Saved data entries
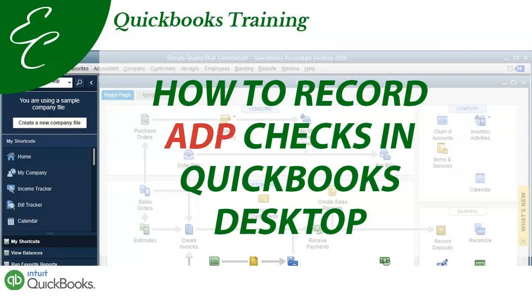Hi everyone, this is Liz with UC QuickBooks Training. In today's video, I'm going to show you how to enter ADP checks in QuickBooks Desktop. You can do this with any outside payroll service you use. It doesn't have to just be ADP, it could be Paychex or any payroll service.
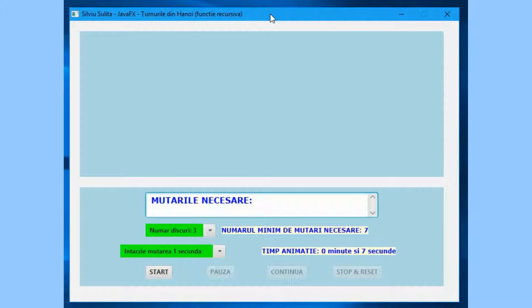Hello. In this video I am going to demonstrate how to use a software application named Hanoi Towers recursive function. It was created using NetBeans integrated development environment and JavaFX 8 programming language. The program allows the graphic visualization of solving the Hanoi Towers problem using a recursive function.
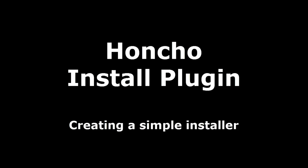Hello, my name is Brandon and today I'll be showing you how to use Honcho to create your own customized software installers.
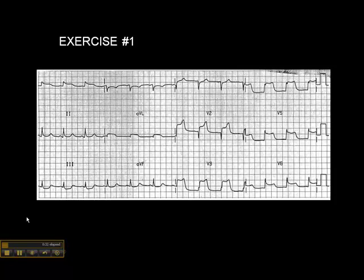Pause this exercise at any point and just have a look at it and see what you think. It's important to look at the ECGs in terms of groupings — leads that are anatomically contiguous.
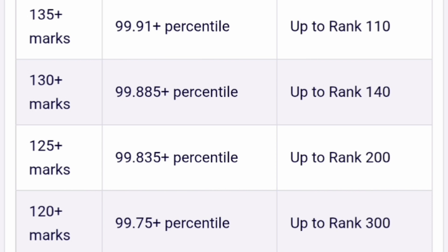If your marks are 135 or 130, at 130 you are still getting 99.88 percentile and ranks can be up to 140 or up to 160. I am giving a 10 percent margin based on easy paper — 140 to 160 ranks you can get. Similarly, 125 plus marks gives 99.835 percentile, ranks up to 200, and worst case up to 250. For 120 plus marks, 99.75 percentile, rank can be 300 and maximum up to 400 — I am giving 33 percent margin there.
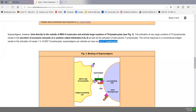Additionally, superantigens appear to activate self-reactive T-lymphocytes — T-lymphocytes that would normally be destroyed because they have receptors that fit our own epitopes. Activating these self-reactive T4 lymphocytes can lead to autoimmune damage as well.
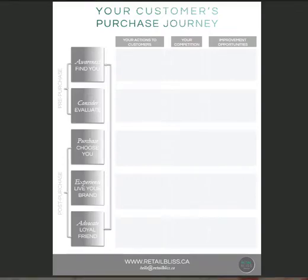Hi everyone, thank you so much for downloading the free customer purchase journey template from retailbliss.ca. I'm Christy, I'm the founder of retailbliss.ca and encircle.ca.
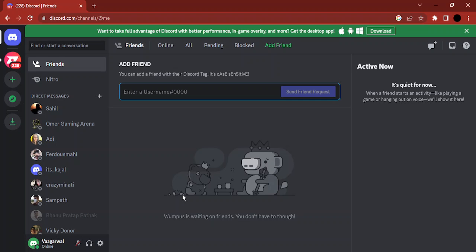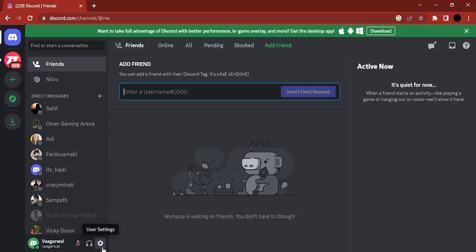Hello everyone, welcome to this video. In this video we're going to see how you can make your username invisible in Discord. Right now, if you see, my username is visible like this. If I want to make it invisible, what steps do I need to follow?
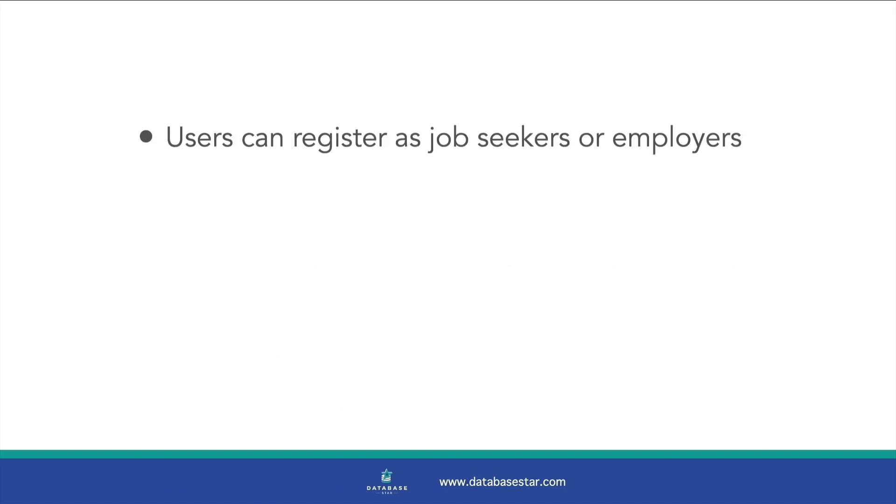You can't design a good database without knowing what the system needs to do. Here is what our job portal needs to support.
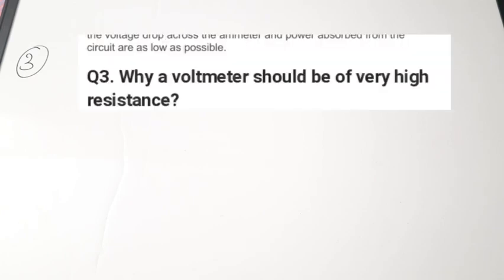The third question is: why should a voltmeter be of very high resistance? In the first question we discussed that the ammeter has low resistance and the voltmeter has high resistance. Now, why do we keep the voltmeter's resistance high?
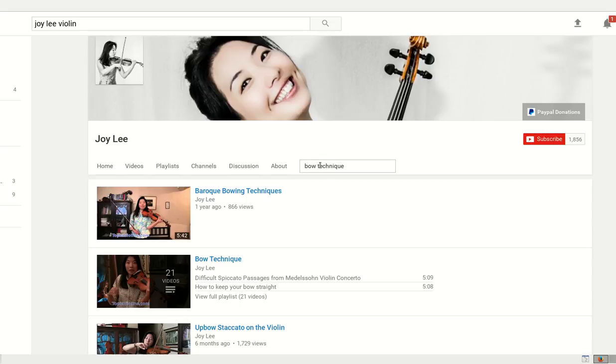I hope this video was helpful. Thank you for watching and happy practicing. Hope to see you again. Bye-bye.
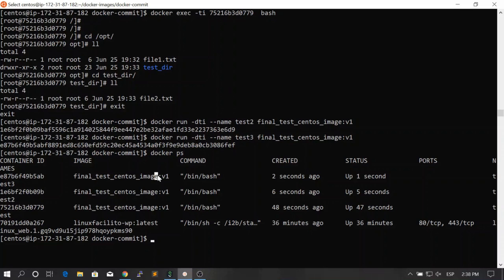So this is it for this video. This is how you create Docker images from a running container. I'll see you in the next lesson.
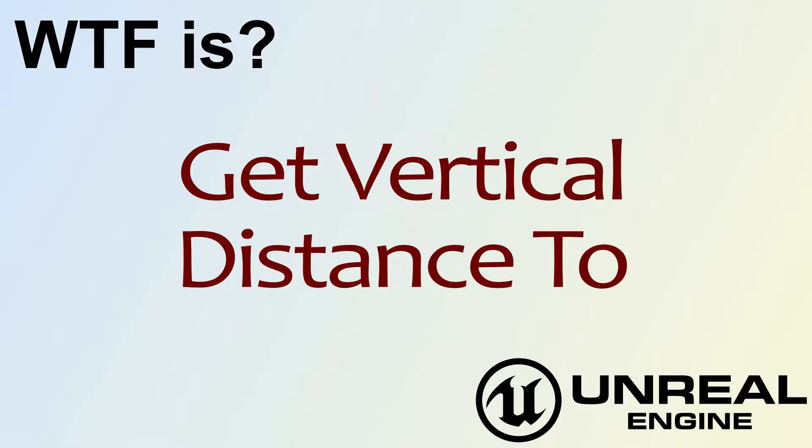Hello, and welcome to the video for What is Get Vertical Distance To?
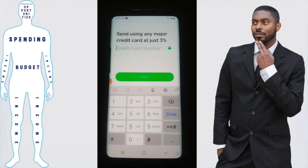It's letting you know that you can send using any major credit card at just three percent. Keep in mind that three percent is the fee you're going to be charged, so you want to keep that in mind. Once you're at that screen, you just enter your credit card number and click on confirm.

Task goal> Set down the records above word for word, from the first line through the line containing "Hello everyone, welcome", both included; leave out the pictures.

Your solution>
Hi everyone, this is Liz with UC QuickBooks Training. In today's video, I'm going to show you how to enter ADP checks in QuickBooks Desktop. You can do this with any outside payroll service you use. It doesn't have to just be ADP, it could be Paychex or any payroll service.
Hello. In this video I am going to demonstrate how to use a software application named Hanoi Towers recursive function. It was created using NetBeans integrated development environment and JavaFX 8 programming language. The program allows the graphic visualization of solving the Hanoi Towers problem using a recursive function.
Hello, my name is Brandon and today I'll be showing you how to use Honcho to create your own customized software installers.
Pause this exercise at any point and just have a look at it and see what you think. It's important to look at the ECGs in terms of groupings — leads that are anatomically contiguous.
If your marks are 135 or 130, at 130 you are still getting 99.88 percentile and ranks can be up to 140 or up to 160. I am giving a 10 percent margin based on easy paper — 140 to 160 ranks you can get. Similarly, 125 plus marks gives 99.835 percentile, ranks up to 200, and worst case up to 250. For 120 plus marks, 99.75 percentile, rank can be 300 and maximum up to 400 — I am giving 33 percent margin there.
Additionally, superantigens appear to activate self-reactive T-lymphocytes — T-lymphocytes that would normally be destroyed because they have receptors that fit our own epitopes. Activating these self-reactive T4 lymphocytes can lead to autoimmune damage as well.
Hi everyone, thank you so much for downloading the free customer purchase journey template from retailbliss.ca. I'm Christy, I'm the founder of retailbliss.ca and encircle.ca.
Hello everyone, welcome to this video. In this video we're going to see how you can make your username invisible in Discord. Right now, if you see, my username is visible like this. If I want to make it invisible, what steps do I need to follow?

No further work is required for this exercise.